TASK DIRECTIONS: What is needed here is an exact repetition of the records below, beginning at the line that has "Белая керамическая ваза" and stopping after the line that has "Lee Mens Pants".

** Opening PROVIDED MATERIAL block **

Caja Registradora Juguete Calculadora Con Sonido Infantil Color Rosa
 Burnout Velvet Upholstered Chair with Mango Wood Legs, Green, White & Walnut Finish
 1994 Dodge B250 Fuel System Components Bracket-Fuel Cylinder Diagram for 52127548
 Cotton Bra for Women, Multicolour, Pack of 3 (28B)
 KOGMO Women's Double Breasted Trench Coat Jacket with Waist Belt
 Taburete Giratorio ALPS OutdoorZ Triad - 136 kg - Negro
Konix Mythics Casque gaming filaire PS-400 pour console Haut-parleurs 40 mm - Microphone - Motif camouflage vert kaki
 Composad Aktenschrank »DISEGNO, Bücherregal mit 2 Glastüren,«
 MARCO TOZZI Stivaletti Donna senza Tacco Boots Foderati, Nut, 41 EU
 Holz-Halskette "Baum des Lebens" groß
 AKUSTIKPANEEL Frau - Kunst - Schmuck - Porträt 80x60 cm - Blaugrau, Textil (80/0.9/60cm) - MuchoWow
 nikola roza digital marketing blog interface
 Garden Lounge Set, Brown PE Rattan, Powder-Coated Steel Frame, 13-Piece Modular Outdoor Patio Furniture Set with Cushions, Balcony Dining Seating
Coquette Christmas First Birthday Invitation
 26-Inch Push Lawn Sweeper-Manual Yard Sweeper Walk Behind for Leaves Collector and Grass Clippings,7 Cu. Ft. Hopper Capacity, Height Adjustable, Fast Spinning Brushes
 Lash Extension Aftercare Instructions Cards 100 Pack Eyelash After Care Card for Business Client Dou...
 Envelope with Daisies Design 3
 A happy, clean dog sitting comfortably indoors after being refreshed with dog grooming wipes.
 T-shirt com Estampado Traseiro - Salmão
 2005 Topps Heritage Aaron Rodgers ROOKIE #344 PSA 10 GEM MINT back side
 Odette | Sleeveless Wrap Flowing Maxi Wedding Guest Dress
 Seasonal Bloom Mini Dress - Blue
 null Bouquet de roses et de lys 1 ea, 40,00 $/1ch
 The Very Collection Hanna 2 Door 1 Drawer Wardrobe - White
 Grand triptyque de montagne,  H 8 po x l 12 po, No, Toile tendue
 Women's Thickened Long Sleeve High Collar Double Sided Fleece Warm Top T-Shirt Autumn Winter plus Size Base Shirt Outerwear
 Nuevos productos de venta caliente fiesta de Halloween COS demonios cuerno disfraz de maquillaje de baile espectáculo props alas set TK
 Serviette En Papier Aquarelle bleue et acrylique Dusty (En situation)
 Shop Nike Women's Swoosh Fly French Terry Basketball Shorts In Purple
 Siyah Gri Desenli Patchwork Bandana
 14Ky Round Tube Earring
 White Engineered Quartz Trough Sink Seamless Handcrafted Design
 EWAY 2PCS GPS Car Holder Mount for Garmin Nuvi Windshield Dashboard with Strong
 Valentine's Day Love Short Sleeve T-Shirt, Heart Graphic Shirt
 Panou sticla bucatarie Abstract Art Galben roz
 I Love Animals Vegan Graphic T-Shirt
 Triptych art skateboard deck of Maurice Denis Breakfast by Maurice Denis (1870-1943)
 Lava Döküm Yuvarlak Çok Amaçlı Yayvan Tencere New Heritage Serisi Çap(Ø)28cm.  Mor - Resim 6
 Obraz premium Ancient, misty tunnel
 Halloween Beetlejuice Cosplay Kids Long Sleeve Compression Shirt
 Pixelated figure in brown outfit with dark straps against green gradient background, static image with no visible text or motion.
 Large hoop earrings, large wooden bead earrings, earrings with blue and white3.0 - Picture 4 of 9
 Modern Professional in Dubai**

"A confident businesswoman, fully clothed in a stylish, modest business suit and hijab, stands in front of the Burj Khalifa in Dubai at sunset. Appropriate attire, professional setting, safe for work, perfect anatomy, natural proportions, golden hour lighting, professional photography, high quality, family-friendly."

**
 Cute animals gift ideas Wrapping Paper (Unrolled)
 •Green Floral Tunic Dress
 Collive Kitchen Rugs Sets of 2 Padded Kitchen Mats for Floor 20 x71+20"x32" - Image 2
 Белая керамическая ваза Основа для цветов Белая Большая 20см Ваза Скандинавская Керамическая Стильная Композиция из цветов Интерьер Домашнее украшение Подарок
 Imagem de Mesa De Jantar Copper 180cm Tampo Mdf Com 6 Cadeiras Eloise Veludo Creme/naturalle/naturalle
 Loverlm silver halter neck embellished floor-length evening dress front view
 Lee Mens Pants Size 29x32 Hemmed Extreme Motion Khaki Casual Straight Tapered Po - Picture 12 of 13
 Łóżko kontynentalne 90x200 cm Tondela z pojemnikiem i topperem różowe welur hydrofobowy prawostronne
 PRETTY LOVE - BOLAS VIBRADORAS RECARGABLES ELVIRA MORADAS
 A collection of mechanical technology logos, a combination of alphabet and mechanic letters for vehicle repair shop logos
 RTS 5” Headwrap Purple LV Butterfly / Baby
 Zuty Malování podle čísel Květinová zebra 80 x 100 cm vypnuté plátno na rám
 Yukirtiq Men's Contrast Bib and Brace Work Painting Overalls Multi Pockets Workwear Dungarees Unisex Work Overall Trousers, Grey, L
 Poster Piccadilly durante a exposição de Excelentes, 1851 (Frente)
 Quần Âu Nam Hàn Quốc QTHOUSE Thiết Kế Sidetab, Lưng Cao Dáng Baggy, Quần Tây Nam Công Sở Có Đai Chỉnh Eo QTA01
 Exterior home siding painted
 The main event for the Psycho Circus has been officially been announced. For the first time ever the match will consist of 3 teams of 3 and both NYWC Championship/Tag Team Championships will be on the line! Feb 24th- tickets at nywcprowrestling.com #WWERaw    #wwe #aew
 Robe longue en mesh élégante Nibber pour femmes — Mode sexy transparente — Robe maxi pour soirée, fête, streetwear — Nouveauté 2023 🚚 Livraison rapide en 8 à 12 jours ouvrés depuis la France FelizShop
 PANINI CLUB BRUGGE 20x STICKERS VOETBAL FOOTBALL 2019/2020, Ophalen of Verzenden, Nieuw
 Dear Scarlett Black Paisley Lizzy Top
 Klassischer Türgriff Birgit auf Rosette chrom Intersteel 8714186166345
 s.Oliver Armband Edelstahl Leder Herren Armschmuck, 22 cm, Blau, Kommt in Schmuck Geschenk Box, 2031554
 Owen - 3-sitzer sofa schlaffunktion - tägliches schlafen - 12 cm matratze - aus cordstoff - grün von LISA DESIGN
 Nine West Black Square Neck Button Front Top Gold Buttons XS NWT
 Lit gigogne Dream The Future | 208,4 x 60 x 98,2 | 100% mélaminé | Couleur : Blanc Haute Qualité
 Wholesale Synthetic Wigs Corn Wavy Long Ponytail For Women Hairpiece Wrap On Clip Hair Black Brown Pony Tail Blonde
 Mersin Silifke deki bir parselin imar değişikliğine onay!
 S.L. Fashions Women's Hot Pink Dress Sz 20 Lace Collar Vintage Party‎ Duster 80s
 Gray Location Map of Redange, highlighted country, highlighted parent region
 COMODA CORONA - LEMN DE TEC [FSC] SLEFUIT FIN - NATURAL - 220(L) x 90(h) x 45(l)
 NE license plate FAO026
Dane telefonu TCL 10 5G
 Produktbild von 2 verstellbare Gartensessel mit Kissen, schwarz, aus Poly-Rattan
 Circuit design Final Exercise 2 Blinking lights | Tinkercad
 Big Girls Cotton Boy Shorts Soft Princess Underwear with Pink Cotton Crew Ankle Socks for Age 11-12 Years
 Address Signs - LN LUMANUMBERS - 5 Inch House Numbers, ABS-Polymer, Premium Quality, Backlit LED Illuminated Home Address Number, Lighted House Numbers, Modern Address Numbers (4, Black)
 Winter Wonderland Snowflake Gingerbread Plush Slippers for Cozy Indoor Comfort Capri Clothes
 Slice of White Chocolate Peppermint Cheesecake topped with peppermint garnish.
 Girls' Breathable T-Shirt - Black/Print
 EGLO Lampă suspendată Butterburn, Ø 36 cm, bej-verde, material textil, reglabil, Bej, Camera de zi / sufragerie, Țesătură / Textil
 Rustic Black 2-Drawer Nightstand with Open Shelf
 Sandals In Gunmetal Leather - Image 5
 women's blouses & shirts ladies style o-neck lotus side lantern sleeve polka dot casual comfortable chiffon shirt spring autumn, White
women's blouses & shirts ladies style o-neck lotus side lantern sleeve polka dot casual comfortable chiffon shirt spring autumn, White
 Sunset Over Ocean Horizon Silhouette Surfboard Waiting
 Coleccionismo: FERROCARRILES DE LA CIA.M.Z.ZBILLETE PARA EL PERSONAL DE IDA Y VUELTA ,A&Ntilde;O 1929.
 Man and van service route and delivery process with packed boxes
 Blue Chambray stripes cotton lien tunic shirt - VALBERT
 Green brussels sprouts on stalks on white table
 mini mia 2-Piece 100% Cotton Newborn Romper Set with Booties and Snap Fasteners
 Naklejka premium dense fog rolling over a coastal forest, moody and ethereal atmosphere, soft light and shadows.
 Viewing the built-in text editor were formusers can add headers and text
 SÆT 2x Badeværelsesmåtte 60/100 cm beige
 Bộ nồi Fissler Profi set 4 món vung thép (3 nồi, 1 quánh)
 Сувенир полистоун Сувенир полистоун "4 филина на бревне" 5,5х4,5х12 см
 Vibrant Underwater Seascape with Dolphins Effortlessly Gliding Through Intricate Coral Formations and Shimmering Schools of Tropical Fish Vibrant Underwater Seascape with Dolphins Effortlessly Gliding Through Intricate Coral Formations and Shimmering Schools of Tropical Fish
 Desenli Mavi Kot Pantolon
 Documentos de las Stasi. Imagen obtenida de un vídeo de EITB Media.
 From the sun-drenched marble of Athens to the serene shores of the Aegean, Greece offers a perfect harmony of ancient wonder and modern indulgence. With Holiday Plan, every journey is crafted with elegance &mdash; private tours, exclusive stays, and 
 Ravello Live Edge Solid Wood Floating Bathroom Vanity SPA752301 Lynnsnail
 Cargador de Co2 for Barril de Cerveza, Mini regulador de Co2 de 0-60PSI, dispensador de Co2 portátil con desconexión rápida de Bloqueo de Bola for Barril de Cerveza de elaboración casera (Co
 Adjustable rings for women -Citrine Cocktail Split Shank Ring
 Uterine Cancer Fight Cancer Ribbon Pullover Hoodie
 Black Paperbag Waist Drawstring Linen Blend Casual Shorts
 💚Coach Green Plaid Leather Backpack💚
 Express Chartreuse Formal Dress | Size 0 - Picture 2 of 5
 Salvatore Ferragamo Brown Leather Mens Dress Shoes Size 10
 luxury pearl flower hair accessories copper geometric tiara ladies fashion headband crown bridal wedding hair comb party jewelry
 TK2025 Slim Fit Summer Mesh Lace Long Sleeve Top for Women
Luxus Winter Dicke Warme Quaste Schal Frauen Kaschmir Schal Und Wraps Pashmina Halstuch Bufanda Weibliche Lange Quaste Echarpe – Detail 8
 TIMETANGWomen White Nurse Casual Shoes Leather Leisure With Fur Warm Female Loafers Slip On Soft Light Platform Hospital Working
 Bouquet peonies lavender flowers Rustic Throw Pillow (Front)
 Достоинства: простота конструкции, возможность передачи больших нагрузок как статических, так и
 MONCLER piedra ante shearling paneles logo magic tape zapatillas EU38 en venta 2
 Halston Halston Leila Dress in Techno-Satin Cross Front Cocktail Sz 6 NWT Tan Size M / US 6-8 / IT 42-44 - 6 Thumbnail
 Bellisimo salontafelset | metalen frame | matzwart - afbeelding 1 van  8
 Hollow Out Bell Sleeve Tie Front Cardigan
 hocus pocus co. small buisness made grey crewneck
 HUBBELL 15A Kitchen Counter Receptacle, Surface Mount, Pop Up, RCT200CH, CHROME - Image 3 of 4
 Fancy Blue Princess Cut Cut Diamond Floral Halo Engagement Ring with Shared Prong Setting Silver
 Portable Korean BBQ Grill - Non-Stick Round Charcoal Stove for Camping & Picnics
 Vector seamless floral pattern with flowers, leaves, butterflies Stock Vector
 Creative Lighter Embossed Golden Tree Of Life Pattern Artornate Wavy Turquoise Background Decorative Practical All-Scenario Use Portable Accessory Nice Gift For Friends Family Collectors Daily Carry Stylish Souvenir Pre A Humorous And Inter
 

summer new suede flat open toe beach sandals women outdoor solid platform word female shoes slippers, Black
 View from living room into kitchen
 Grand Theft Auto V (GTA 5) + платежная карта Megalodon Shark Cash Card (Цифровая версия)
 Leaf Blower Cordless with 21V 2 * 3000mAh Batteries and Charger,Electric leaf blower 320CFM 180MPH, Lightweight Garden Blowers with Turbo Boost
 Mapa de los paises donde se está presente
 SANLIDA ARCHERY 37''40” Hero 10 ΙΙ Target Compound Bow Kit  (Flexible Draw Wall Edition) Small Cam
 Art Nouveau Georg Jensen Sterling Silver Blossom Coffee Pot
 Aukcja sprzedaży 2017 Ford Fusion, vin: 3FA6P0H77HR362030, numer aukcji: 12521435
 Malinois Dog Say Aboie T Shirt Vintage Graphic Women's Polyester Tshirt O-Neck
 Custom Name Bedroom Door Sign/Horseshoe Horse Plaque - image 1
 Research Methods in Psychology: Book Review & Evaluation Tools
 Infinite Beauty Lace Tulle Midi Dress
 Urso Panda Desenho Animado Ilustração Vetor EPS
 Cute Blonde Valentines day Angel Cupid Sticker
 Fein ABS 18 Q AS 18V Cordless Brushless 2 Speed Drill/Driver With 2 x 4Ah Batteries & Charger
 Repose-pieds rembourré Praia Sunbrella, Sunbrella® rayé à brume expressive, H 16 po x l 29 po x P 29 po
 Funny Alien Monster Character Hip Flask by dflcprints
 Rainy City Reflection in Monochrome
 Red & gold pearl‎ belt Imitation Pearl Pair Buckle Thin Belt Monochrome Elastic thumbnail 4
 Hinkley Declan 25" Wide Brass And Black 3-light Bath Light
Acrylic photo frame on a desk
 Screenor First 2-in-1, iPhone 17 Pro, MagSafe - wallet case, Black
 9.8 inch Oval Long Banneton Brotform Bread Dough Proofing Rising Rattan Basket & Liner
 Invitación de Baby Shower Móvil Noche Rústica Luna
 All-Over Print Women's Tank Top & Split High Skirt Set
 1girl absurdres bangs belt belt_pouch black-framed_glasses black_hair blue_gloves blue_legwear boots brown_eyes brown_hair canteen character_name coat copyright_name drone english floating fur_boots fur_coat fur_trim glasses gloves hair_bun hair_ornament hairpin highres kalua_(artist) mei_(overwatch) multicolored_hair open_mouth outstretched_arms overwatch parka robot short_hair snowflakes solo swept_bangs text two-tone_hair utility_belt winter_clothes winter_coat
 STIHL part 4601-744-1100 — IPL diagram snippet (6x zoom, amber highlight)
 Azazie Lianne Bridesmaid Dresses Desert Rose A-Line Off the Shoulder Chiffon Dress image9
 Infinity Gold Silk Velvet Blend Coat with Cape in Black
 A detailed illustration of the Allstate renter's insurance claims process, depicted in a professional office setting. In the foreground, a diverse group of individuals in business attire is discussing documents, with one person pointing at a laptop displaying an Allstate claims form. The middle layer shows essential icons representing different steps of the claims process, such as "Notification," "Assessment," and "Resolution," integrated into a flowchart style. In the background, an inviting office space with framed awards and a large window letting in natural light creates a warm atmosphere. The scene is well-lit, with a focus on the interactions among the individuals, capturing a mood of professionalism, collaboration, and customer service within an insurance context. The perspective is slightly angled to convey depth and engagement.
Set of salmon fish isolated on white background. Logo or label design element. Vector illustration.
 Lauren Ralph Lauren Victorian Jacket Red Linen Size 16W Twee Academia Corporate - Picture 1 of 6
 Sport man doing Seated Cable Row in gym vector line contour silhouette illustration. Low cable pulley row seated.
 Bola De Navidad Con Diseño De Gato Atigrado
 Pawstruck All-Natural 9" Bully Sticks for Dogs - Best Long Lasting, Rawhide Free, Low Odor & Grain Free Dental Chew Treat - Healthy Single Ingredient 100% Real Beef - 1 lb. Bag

** Closing PROVIDED MATERIAL block **

SOLUTION:
 Белая керамическая ваза Основа для цветов Белая Большая 20см Ваза Скандинавская Керамическая Стильная Композиция из цветов Интерьер Домашнее украшение Подарок
 Imagem de Mesa De Jantar Copper 180cm Tampo Mdf Com 6 Cadeiras Eloise Veludo Creme/naturalle/naturalle
 Loverlm silver halter neck embellished floor-length evening dress front view
 Lee Mens Pants Size 29x32 Hemmed Extreme Motion Khaki Casual Straight Tapered Po - Picture 12 of 13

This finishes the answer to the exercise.